Researchers are now debating whether asymptomatic Ebola survivors could also be carrying the active virus. Richardson argues we can't assume asymptomatic cases are "a dead end" to transmission, especially because male survivors who infected their sexual partners were typically asymptomatic at the time of transmission. Until persistence in asymptomatic survivors is proved one way or the other, those who came in close contact with Ebola patients—people like Harding's daughters, both of whom were expelled from school when their parents' status as survivors became known—could be considered potential vectors.

Still, Richardson argues they should not be viewed as threats—and certainly not stigmatized the way many survivors have been. While he's interested "from a virology standpoint" in finding out whether asymptomatic people can harbor the persistent virus, he said, "From a public health standpoint, it's not worth saying, 'We could have silent spreaders out there!' Even when I bring it up in a scientific conference as a virological question worth answering, there are a certain number of people that get offended because it's going to cause alarm and stigma for all close contacts. And there was a lot of hysteria, a lot of mistrust—I understand where they're coming from."

Researchers say they have been here before. In the 1980s, many of the same people who are studying Ebola today were baffled by the mystery of HIV/AIDS. What they came to understand about that viral epidemic is now informing their understanding of the Ebola virus' pathology. For example, the discovery that some HIV symptoms are caused by the immune system's response to the infection, rather than a direct result of the virus' assault, has helped scientists understand some aspects of the post-Ebola syndrome.

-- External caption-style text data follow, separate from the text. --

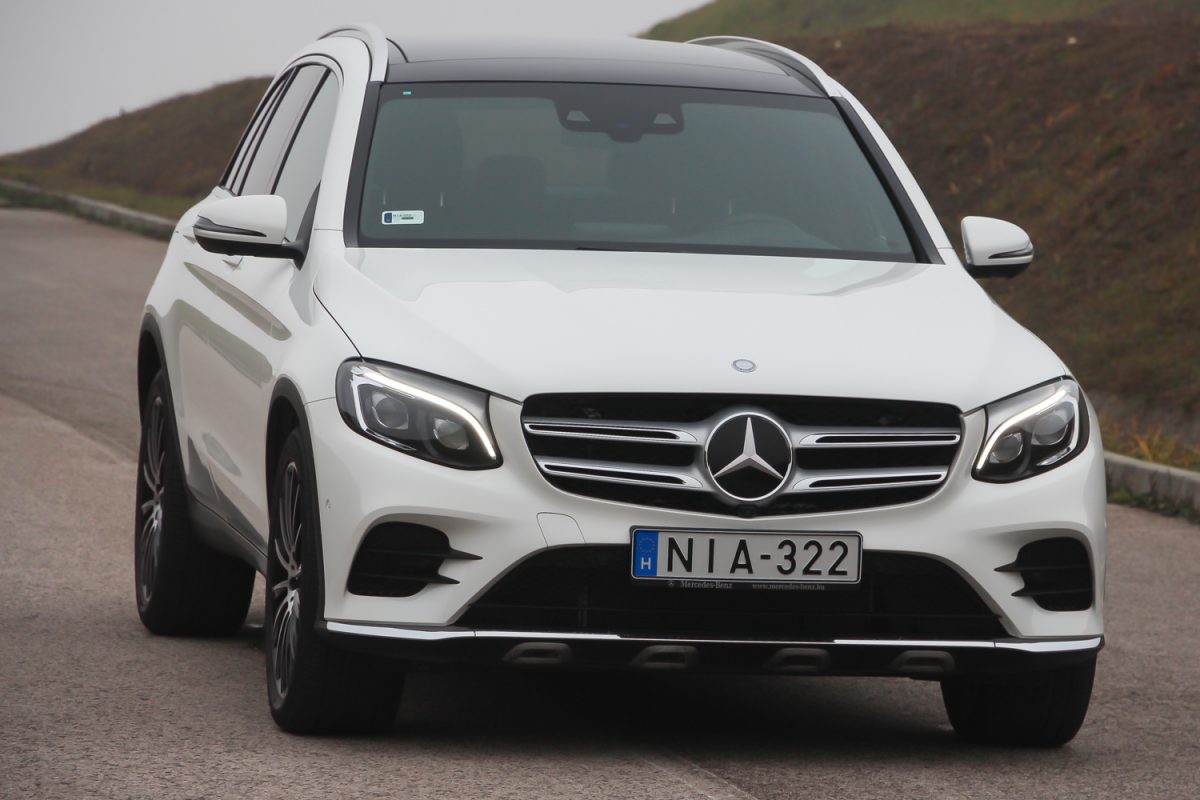 MERCEDES-BENZ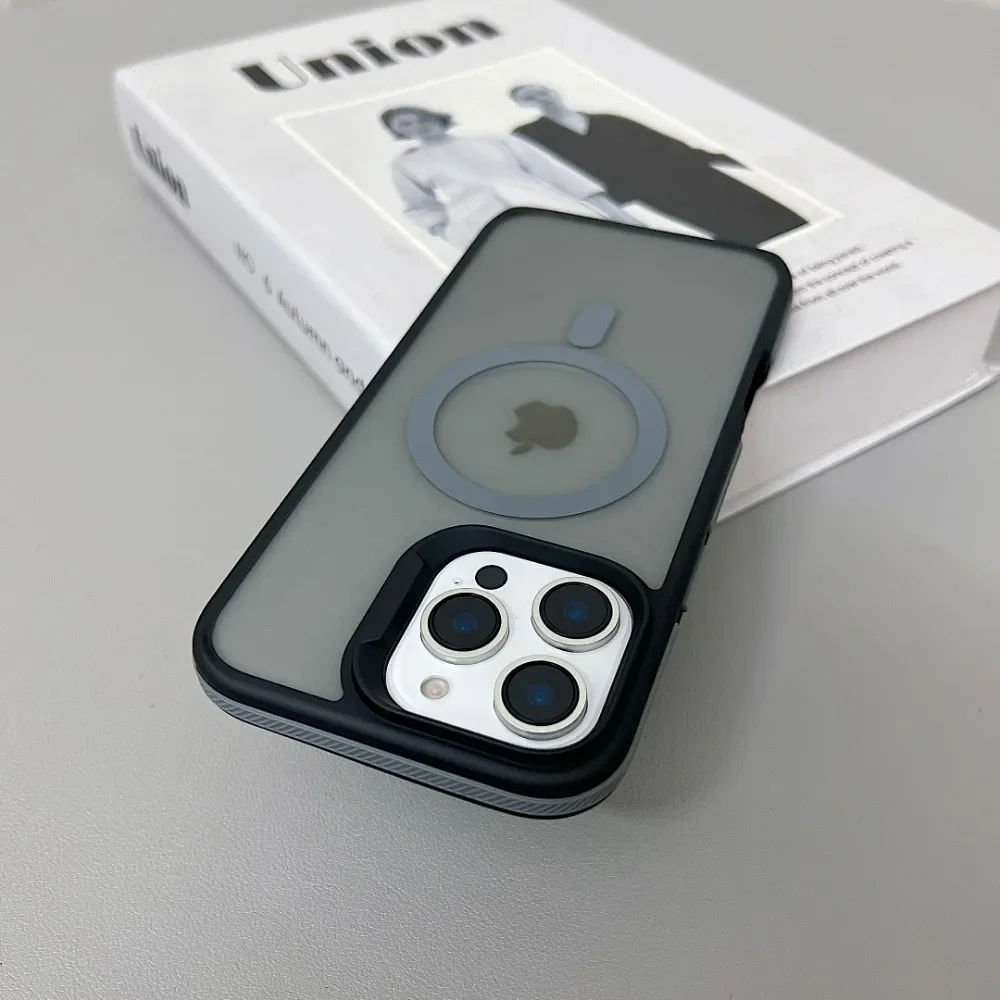 Luxury Color Blocking Magnetic Matte Translucent Case with Wireless Charging Compatibility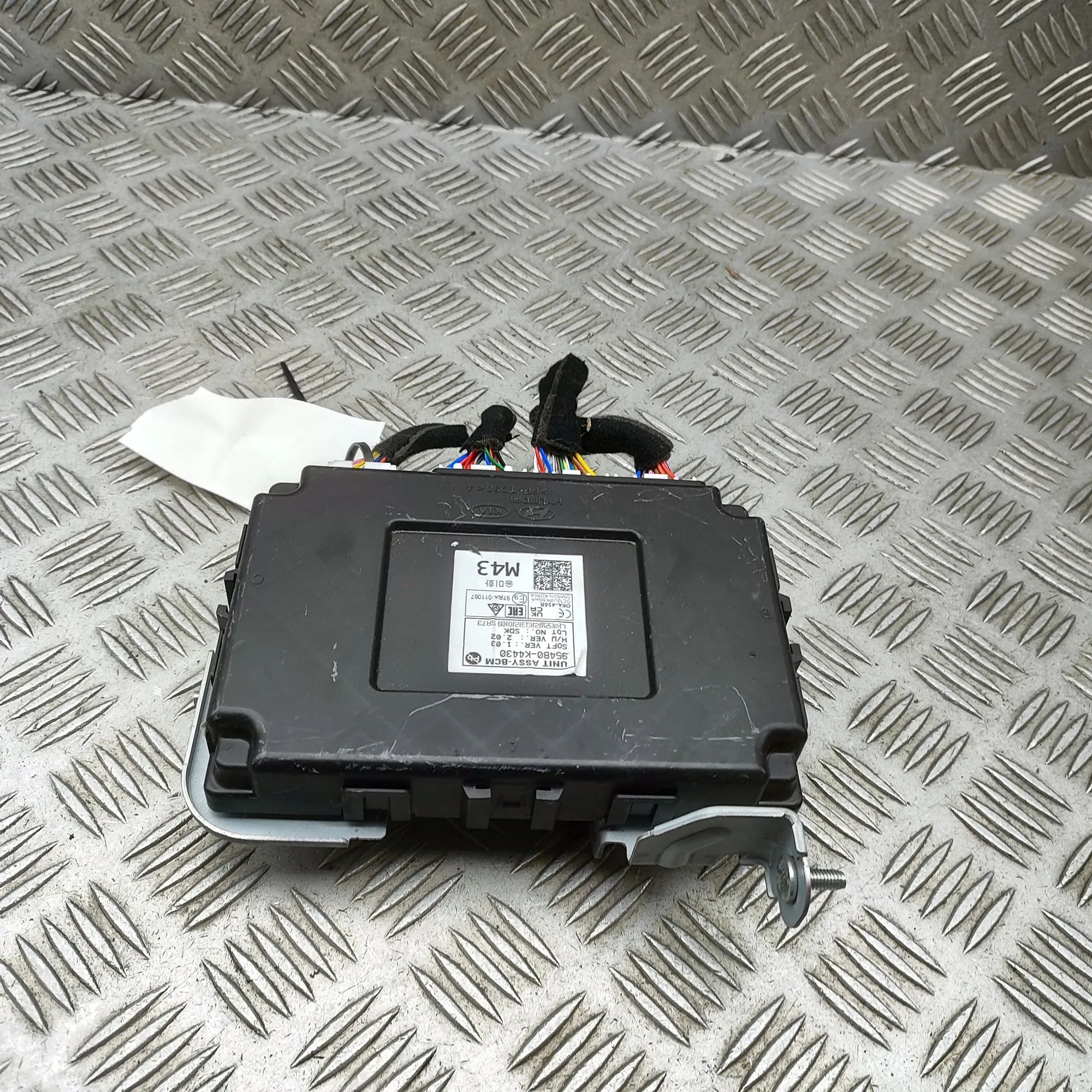 Hyundai Kona Comfort Control Unit Comfort Control Unit — HYUNDAI KONA (2017-...) ...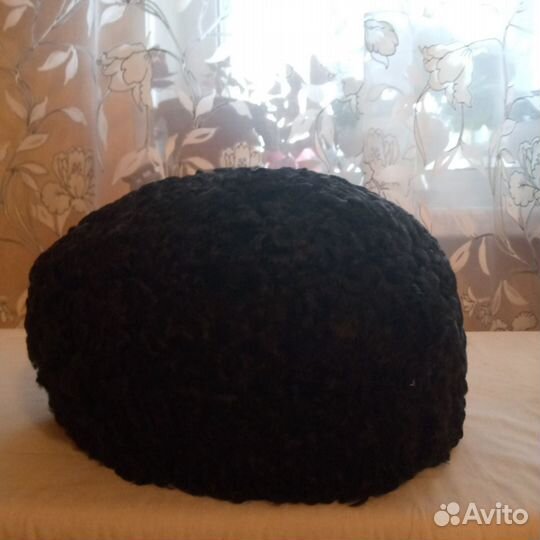 Шапка из каракуля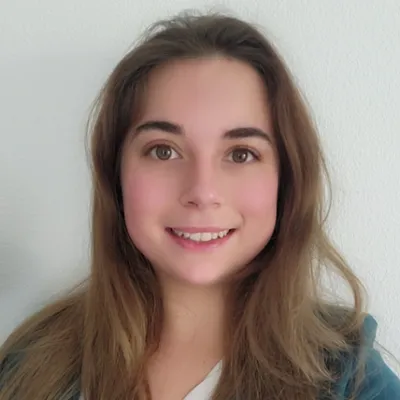 Laura Waine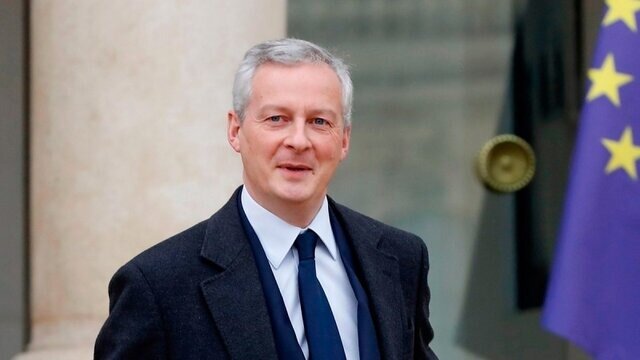 فرانسه نام "ده‌ها" تن از نزدیکان پوتین را برای تحریم ارائه داد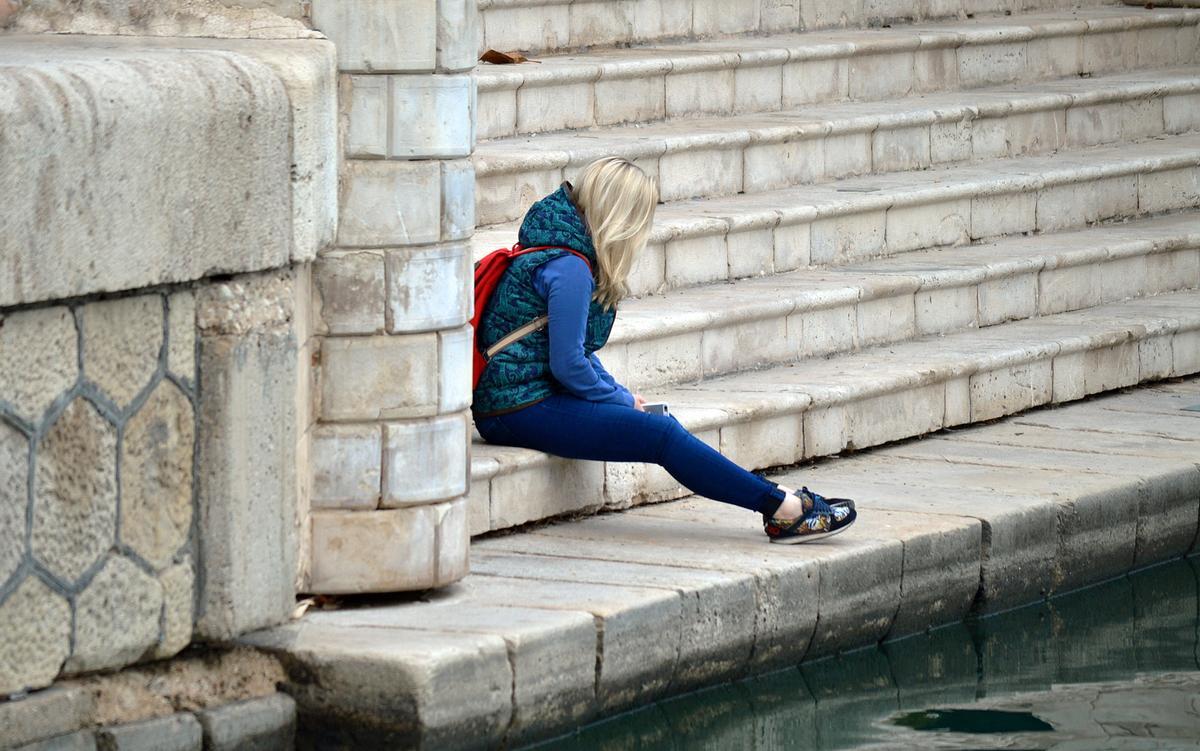 Una mujer soltera en una escalera.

But perhaps the clearest echo between the two epidemics is that early on researchers didn't know enough to calm the public. Just as scientists didn't rule out the possibility that HIV might be transmitted through saliva early on in that epidemic, today they can't, with absolute certainty, dismiss fears that survivors might trigger another Ebola outbreak. In fact, today's limited Ebola pathology evidence—suggesting sexual transmission, patient-to-surgeon transmission, and perhaps even mother-to-child transmission­­—looks eerily familiar. So does the stigma.

"This is not the first time that societies are confronted with this problem. We're not inventing anything new," said WHO's Calderon. "Look at what societies have learned—that people carrying a virus like HIV can be members of the community. Those same types of lessons are to be disciplined for the current condition."

But scientists admit that Ebola stigma may be even harder to combat than HIV stigma, since the stakes are higher—at least in the short term. When a person living with HIV infects a sexual partner, the virus isn't unleashed out into the population via sweat, tears, and vomit, with the ability to kill others quickly. Though such a scenario is unlikely with sexually transmitted Ebola, it is technically possible.

"For me, Ebola is not over. It isn't. What we need to learn to do is not only to live with what happened, but also to live with what is left," Calderon said. "People are suffering because of the persistence of either the virus or the fear of it. What has been interrupted is the transmission chain in the community. That part of the war is over. But Ebola is still there."